In foreign practice, there are combined policies that compensate for a wide range of services of the so-called "super-assistance", as well as temporary and long-term, individual and collective policies. For example, they may provide services or reimburse expenses of the following nature:

under a policy for the provision of services at the place of residence - calling a doctor, orderlies, ambulances, booking places in hospitals, providing assistance with household chores, plumbing, carpentry, glasswork and other specialized work;

under a policy in the form of an assistance for citizens all over the world - repatriation, return and escort by orderlies from the place of the accident to the place of residence, baggage forwarding, medical care, lawyer services;

· under the policy of special ski assistance - search and provision of medical assistance to victims in the mountains, compensation for maintenance costs and ski courses, payments for unused vacation days;

under the car assistance policy - repair and delivery of the car to the nearest service station; ensuring the transportation of the insured and the persons following with him to the permanent place of residence if it is impossible to further use the damaged car, as well as its transportation to the place of residence of the insured; organization of accommodation of the insured for the period of urgent car repair.

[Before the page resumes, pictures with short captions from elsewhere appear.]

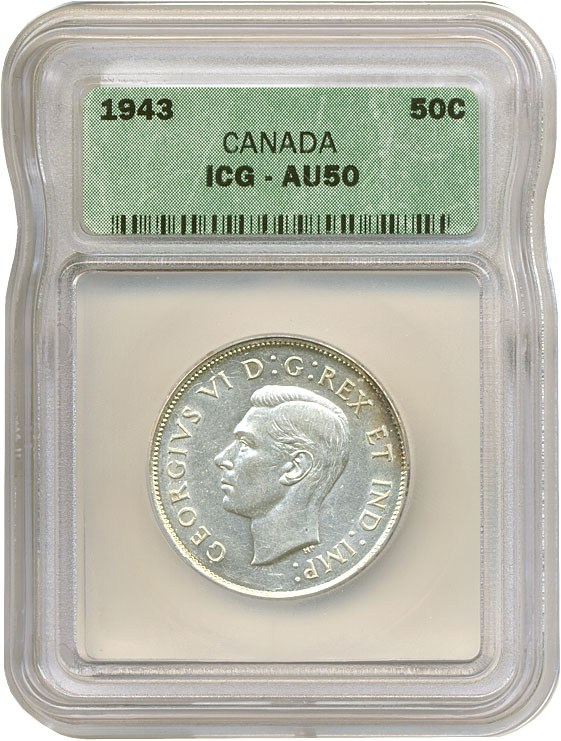 image for: Canada: 1943 50C  ICG AU50 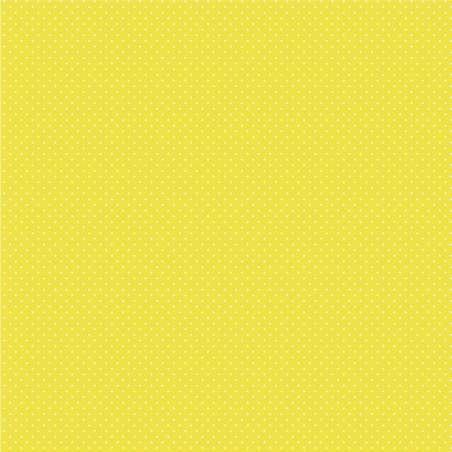 Handworks, Tessuto Fondo Giallo Acceso con Piccoli Pois Bianchi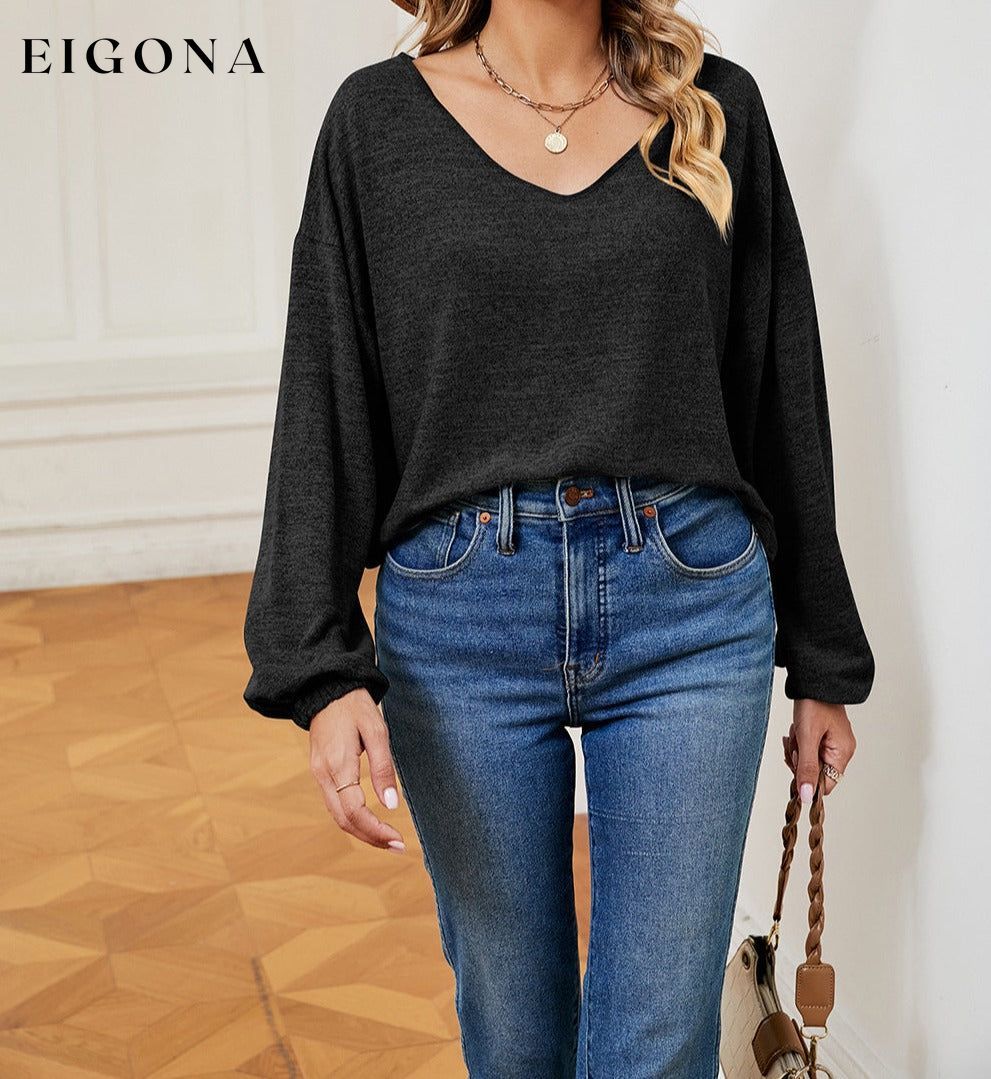 V-Neck Long Sleeve Top Black clothes Ship From Overseas Shipping Delay 09/29/2023 - 10/02/2023 trend X&D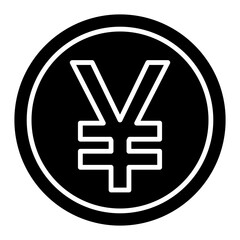 Obraz premium Japanese Yen Currency Symbol Outline Glyph Icon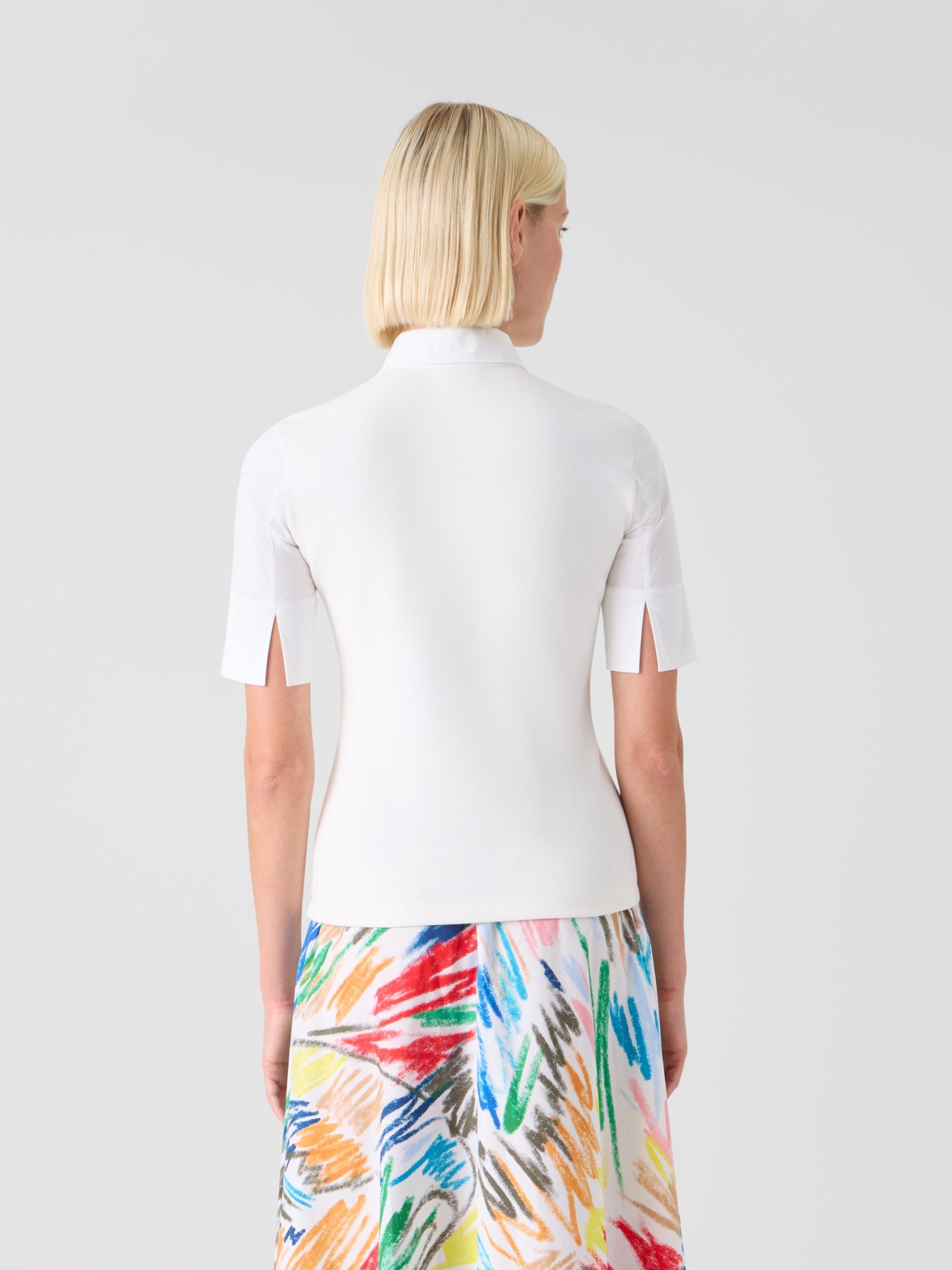 Designer Polo aus Baumwolljersey mit Popeline-Details - Weiss 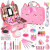 Washable Makeup Toy, 1 Set Girls' Makeup Kit for Children, Simulated Makeup Toy with Storage Bag, Pretend Play Birthday Gift, Kids Vanity Set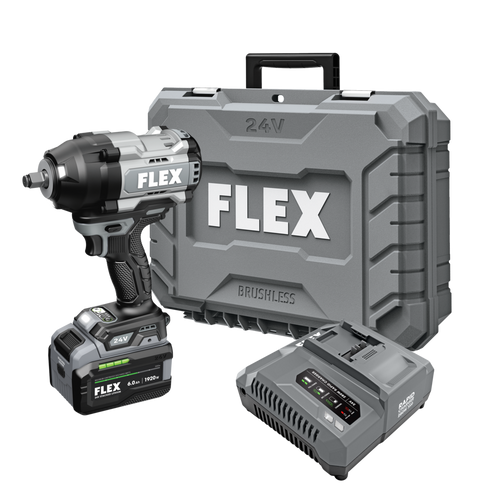FLEX FL-FX1472-1H 24V 1/2in High Torque Impact Wrench Stacked Lithium 6.0Ah Kit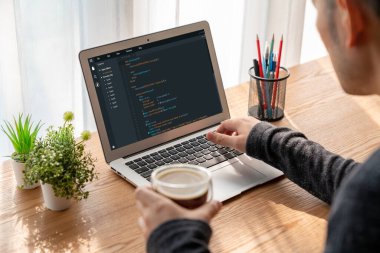 Model uygulama ve program kodlaması için bilgisayar ekranında yazılım geliştirme programlama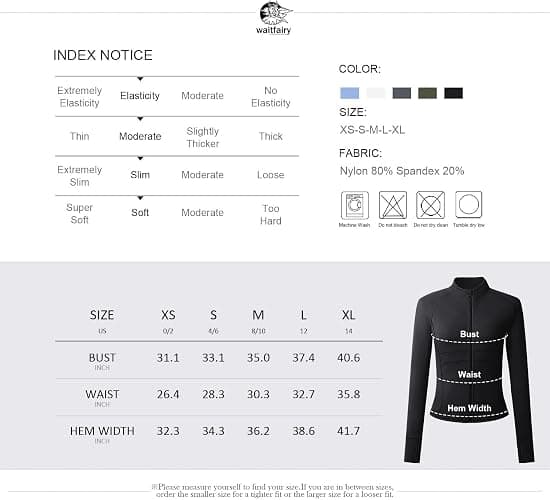 Waitfairy Zip Up Jackets for Women Yoga Gym Top Running Workout Jackets for Woman Track Jacket Women with Thumb Holes thumbnail 7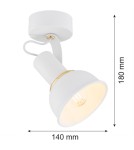 Argon TWIST kinkiet 1 pł. 1x7W (max) biały struktura elementy mosiądzowane 4899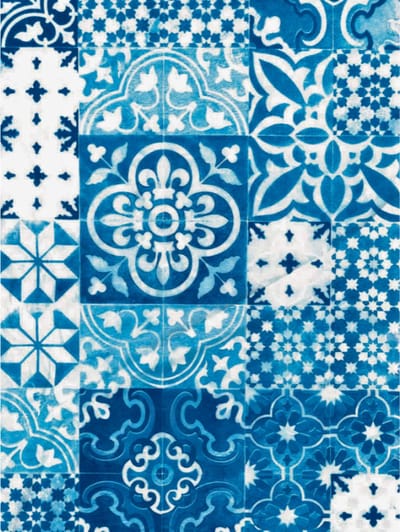 Decopatch papier Portugese Tegel blauw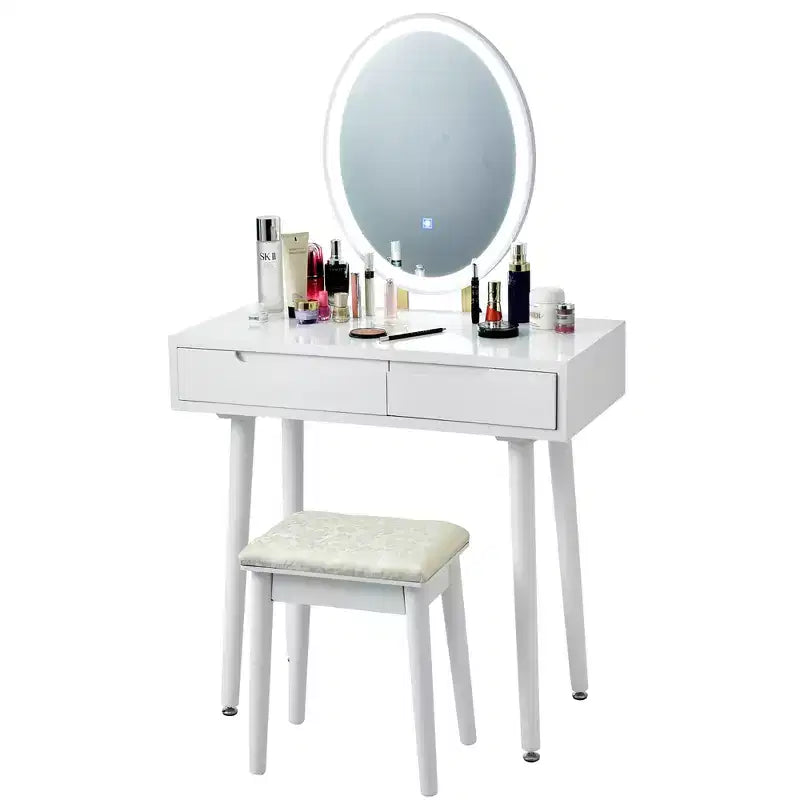 Costway Tocador de Maquillaje con Pantalla Táctil y 3 Modos de Iluminación, Juego de Tocador y Taburete Blanco/Negro/Gris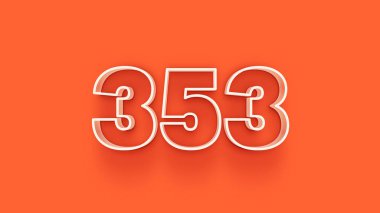 Turuncu arkaplandaki 3d 353 sayısının resmi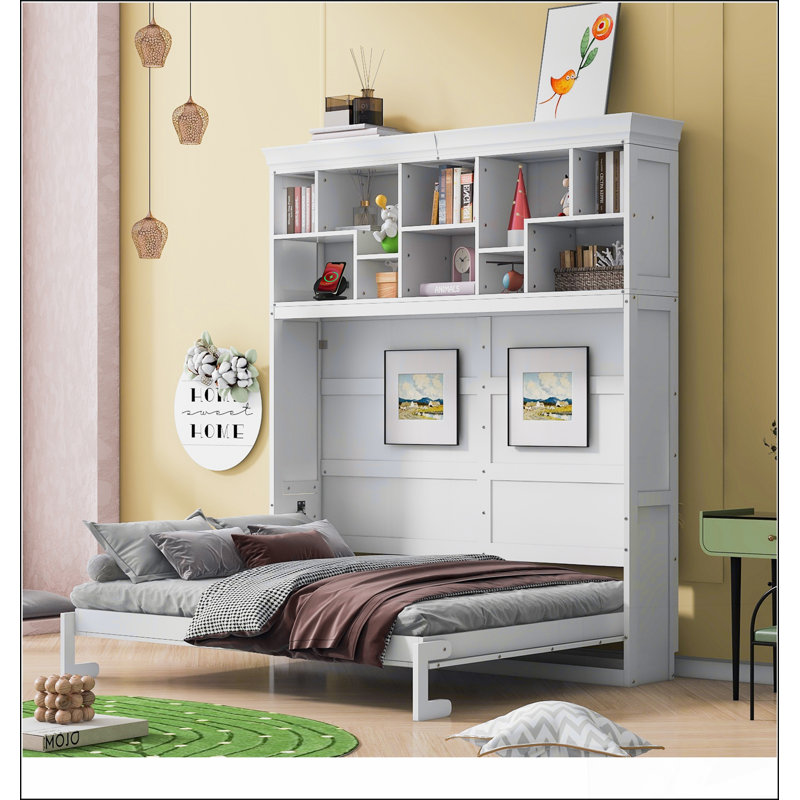 Queen Size Murphy Bed Wall Bed With Top Shelves & USB,Grey, Grey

To provide our clients with medical care insurance organizations conclude contracts with foreign specialized organizations engaged in medical assistance, such as, for example, Coris (France), Preventa (Lithuania), Mercury Assistance (Germany), etc. The telephone numbers of the dispatch centers of these organizations are indicated in insurance policies. If necessary, the insured must call the indicated numbers in order to start the system of organizing medical care.

The acquisition of such an insurance policy is a necessary condition for traveling abroad. The object of insurance is the property interests of the insured person, which do not contradict the legislation of the Republic of Belarus, associated with the costs of providing him with medical care, as well as other costs associated with the occurrence of an insured event during his stay abroad of the Republic of Belarus.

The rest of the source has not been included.